So I'm making a CD for Jen, and that naturally leads me to realize that I haven't yet returned the defective CD player I got for Christmas.

Part of it is sheer laziness. The whole rigamarole of returning something is just so unappetizing, that if it hadn't cost what it did, and if I didn't want the damn thing, I wouldn't bother.

But another part of it - the main part of it, if I'm honest - is that I specifically don't want to go down to J&R.

It means I have to get off the subway at Broadway/Nassau.

It means I have to learn whether or not the Broadway/Fulton Street exit - the one I used every day for 3 years - is still there, or if it's totally closed down.

It means coming up right *there* at Ground Zero, and I can't wrap my head around it.

You know, people can say all sorts of shit about how this country has responded, and they can be skeptical of the new surge in patriotism, and disgusted by the flagwaving and what have you.

Whatever.
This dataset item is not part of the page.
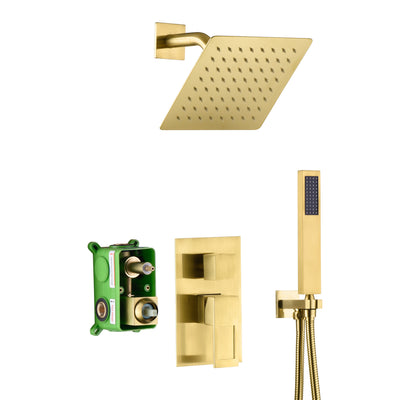 Système de robinet de douche à effet de pluie en laiton doré brossé avec valve brute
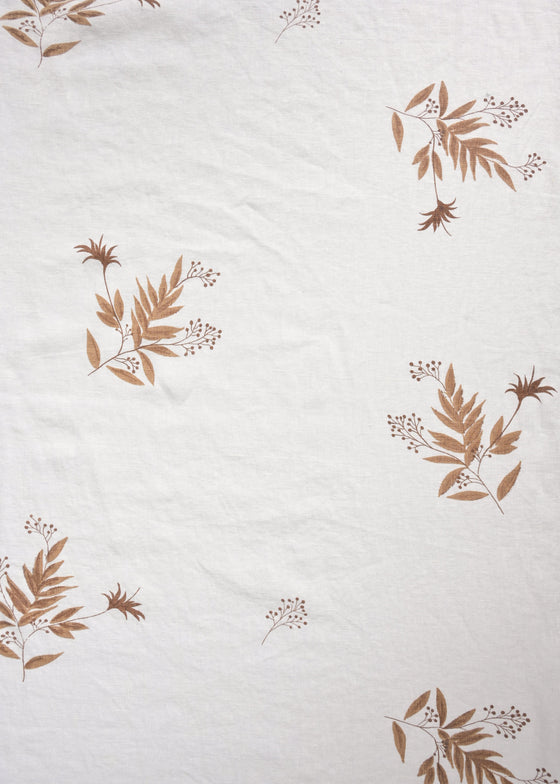 Linho Safari Estampado Oliveiras Washed cor Marrom Trufado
That's fine.

But I lived through two hours of not knowing if my father was dead or alive. Actually believed for those two hours that he *was* dead.

I am very lucky. He got out and survived.

But don't hand me any bullshit about your feelings about how we've handled this crisis, because unless you were here, and were living it with us, and knew people who might have died [or, unfortunately, did die], you don't know fuck-all, so just keep it away from me, okay?

Twice I've lived through this and while I've never considered myself particularly hawkish, when someone repeatedly tries to kill someone you love, you get pissed about it.

When, in doing so, they kill thousands of others, whatever they get, they deserve.

Anyhow, that's the rant for tonight.

People who weren't here don't understand.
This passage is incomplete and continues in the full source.